The debate seemed a signpost: the beginning of the real campaign after more than a year of fund-raising and inside baseball. And her performance seemed a crystallization of the problems that have always plagued Clinton, the notion that she is perpetually calculating, triangulating and cold, without core convictions. On the other hand, in several dozen interviews over a weekend in Iowa, I simply couldn't find anyone who had actually seen the debate not even among the political junkies who attend her meetings. Clinton's public demeanor at these rallies suggested that she had taken the punch and moved on, even if her campaign briefly made the mistake of playing the gender-victim card in a clunky webcast called The Politics of Pile-On, which showed all the boys repeatedly attacking her. "Look, I was not as artful or as well spoken as I could have or should have been, so I take responsibility for that," she told me. "But I think there's also the realization ... that we've got difficult, difficult problems. I think Americans are ready for substance. I think they want to get beyond the 30 seconds [of debate answers], and I think they want to get beyond a President who had never a doubt, never a sense of complexity, never really shared his thinking about anything with them to say, 'Well, look, this is where we are, here's where we have to get, here's how difficult it is, here's what I need you to do.'"

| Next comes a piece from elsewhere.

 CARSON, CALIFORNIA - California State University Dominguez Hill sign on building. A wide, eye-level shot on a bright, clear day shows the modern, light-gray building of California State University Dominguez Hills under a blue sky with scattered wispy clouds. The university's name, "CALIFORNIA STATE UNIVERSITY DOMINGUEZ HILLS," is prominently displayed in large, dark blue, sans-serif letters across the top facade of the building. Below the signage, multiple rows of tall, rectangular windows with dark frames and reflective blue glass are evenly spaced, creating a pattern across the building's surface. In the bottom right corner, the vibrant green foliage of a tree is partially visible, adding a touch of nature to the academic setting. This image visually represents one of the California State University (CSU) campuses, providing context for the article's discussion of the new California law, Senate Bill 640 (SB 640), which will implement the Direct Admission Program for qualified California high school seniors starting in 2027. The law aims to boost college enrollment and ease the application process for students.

Actually, Clinton's debate performances and her candidacy don't seem quite so cautious or fudgy when you look at the transcript or travel with her on the trail. Her worst moments have come when she has tried to have it both ways on programs proposed by fellow New York Democrats. This is a too-clever-by-a-lot tendency she shares with her husband: the hope that she can admire untenable proposals made by other Democrats like the recent tax reform proposed by Congressman Charles Rangel and Governor Eliot Spitzer's proposal to give illegal immigrants driver's licenses without actually supporting them. She was caught on the latter in the debate and roundly hammered. But this sort of fudgery is not unusual among politicians. Edwards took the same admiring-but-not-quite-supporting position on driver's licenses when he was interviewed by ABC's George Stephanopoulos a few days later. In fact, other Democrats except Christopher Dodd, who flat-out opposed the idea seemed prohibitively chuckleheaded on this issue: it is hard to imagine why a recent illegal immigrant, unfamiliar with U.S. roads and driving practices, would come forward to get a driver's license just so that he or she could be held liable in the event of an accident.

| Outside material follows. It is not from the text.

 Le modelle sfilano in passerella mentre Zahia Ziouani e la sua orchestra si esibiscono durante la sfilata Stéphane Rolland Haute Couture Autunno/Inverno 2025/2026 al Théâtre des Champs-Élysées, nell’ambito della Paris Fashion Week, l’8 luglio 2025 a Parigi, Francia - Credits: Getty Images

The propensity of Democrats to be chuckleheaded in ways easily exploited by Republicans is what Clinton, in most cases, is trying to avoid with her lawyerly answers. Her refusal to support higher Social Security taxes on the wealthy is a perfect example. "For the life of me, I don't understand what my opponents are trying to achieve," she said. "It is potentially a trillion-dollar tax increase." Clinton's point seems solid on several grounds. There are higher priorities than Social Security in 2008, especially if you want to enact universal health insurance or a real energy-independence plan, both of which will require revenue increases. And why start the negotiations now, in the Democratic primary? History shows, as Clinton attests, that the best way to deal with this issue is through a bipartisan commission, where both sides can share the blame for doing the right thing.